What this task involves:
In full and word for word, copy the listing; no pictures belong in the copy.
Start of Data excerpt
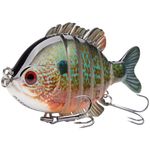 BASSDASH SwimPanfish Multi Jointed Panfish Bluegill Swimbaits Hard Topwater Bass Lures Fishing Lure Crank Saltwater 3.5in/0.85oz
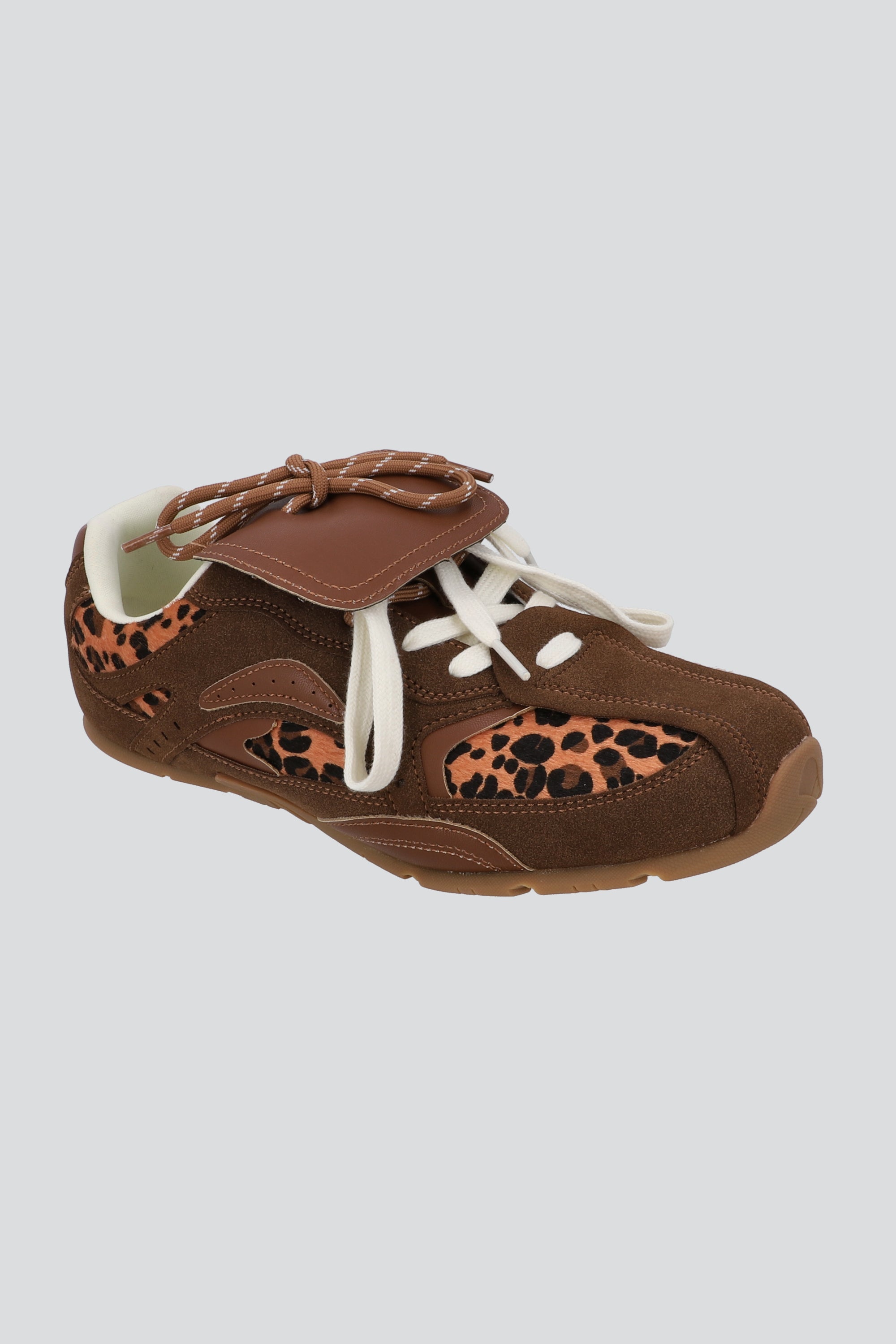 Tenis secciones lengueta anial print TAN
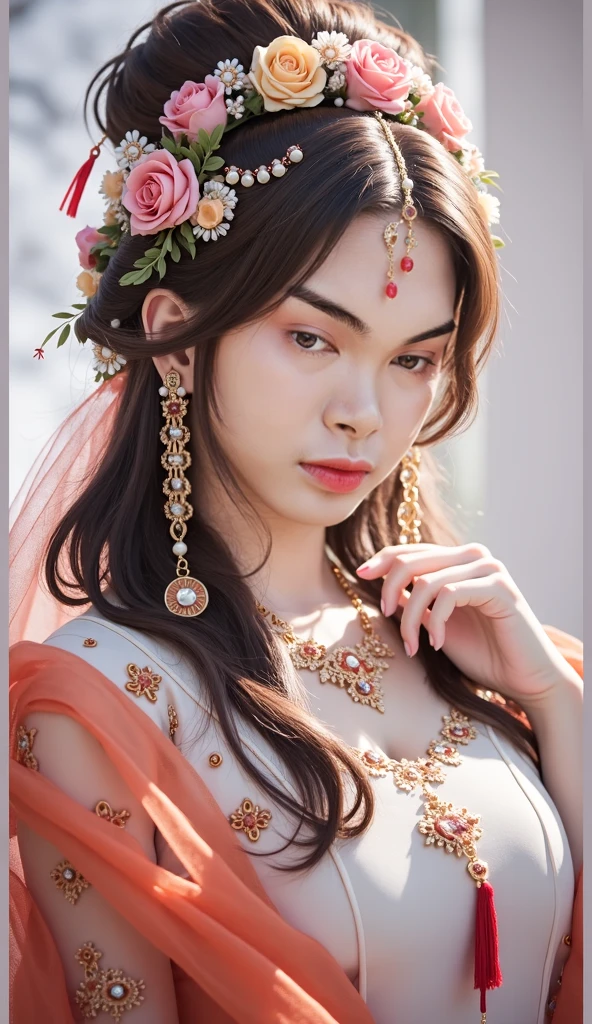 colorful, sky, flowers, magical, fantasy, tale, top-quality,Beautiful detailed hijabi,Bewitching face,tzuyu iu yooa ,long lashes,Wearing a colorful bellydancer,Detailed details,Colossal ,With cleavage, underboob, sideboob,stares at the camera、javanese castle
End of Data excerpt
Finished exercise:
 BASSDASH SwimPanfish Multi Jointed Panfish Bluegill Swimbaits Hard Topwater Bass Lures Fishing Lure Crank Saltwater 3.5in/0.85oz
 Tenis secciones lengueta anial print TAN
 colorful, sky, flowers, magical, fantasy, tale, top-quality,Beautiful detailed hijabi,Bewitching face,tzuyu iu yooa ,long lashes,Wearing a colorful bellydancer,Detailed details,Colossal ,With cleavage, underboob, sideboob,stares at the camera、javanese castle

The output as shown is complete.